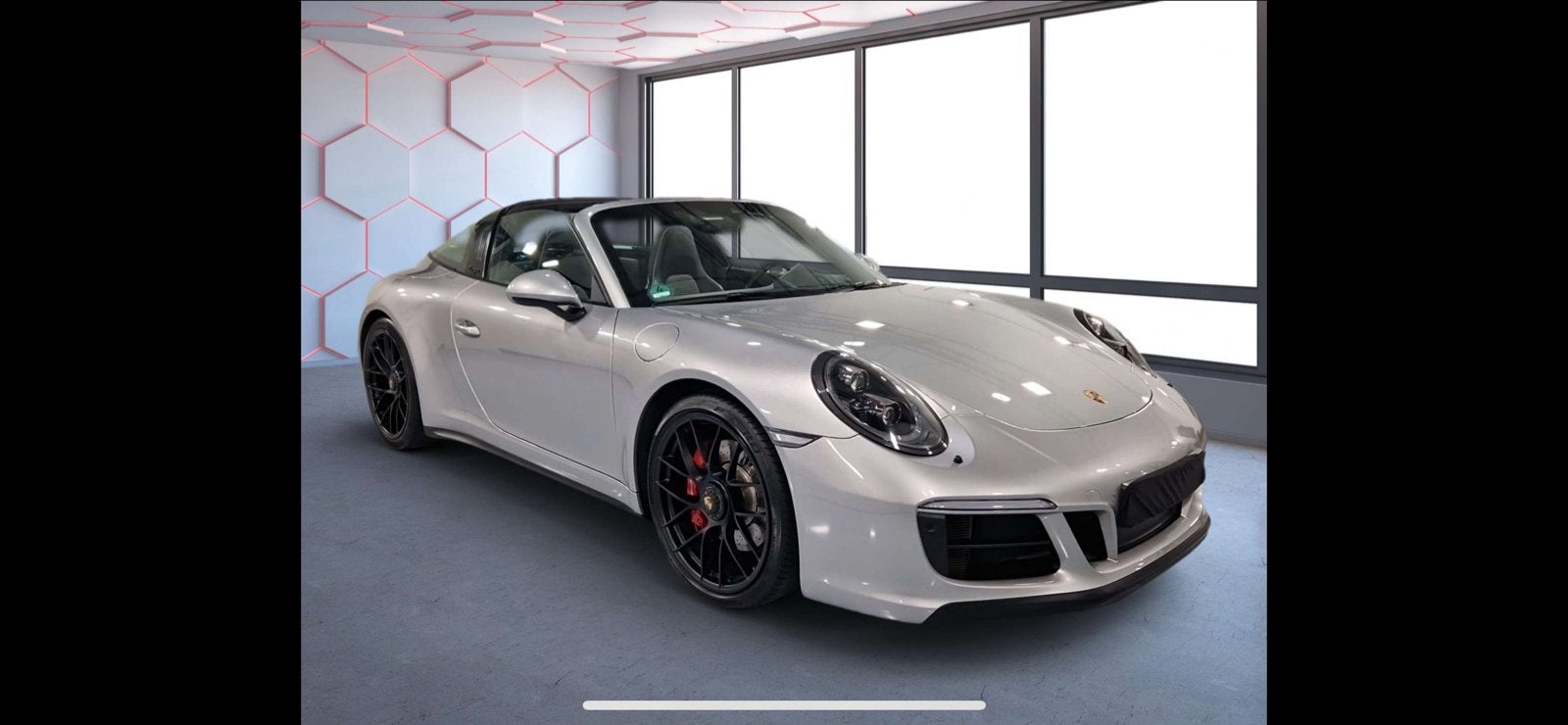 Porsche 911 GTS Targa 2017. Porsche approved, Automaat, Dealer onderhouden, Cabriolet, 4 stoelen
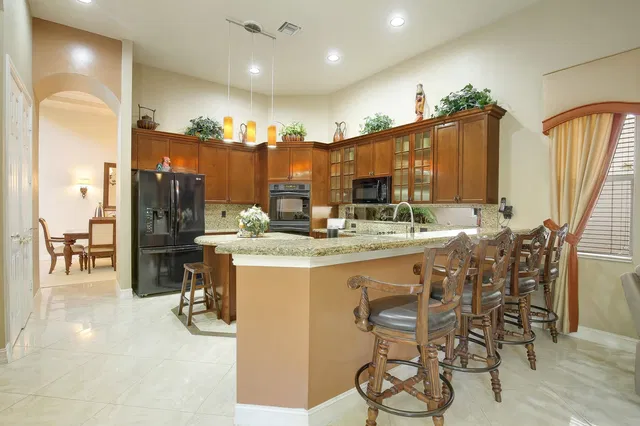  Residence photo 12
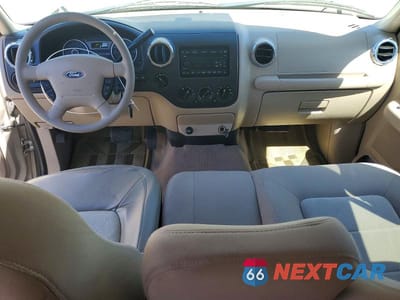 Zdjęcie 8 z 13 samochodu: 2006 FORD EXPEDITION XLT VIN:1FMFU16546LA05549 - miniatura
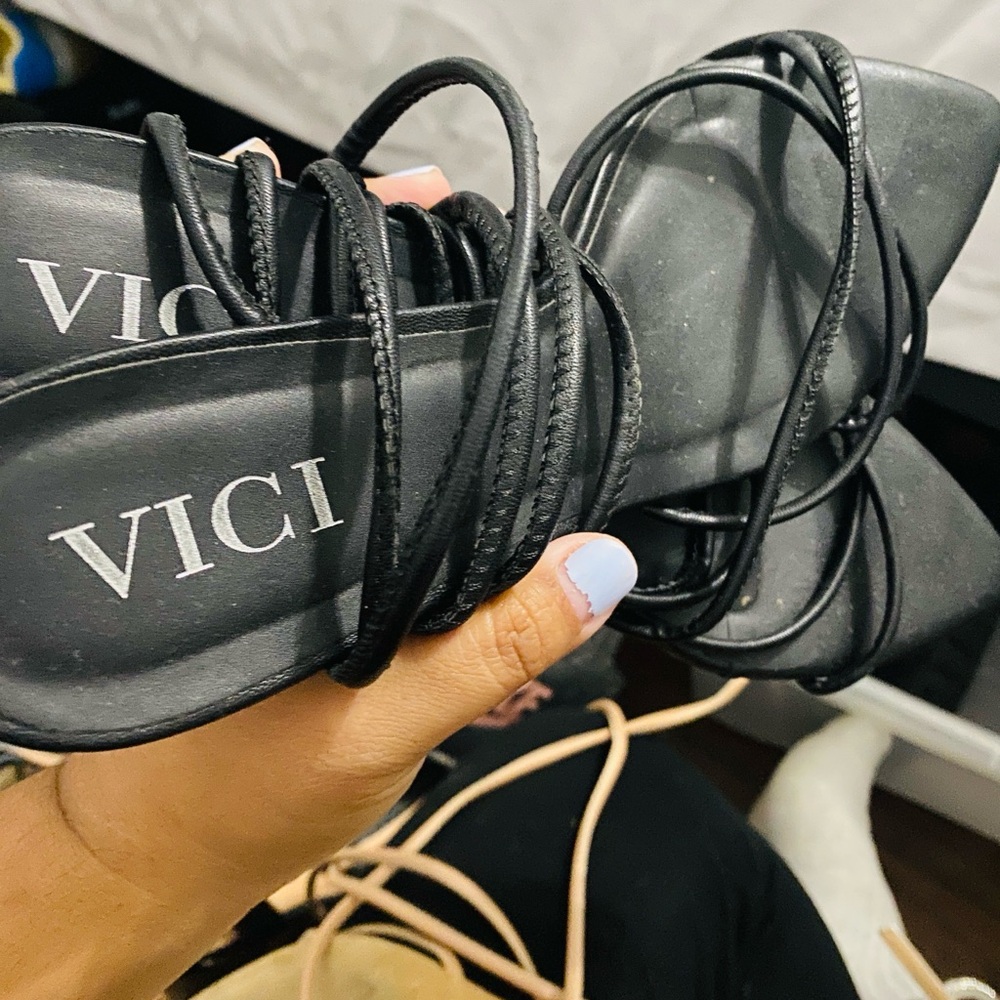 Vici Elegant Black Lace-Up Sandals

--------

**Task requirements**
With pictures excluded, the material is to be written out exactly as given.

**Finished exercise**
 Porsche 911 GTS Targa 2017. Porsche approved, Automaat, Dealer onderhouden, Cabriolet, 4 stoelen
  Residence photo 12
 Zdjęcie 8 z 13 samochodu: 2006 FORD EXPEDITION XLT VIN:1FMFU16546LA05549 - miniatura
 Vici Elegant Black Lace-Up Sandals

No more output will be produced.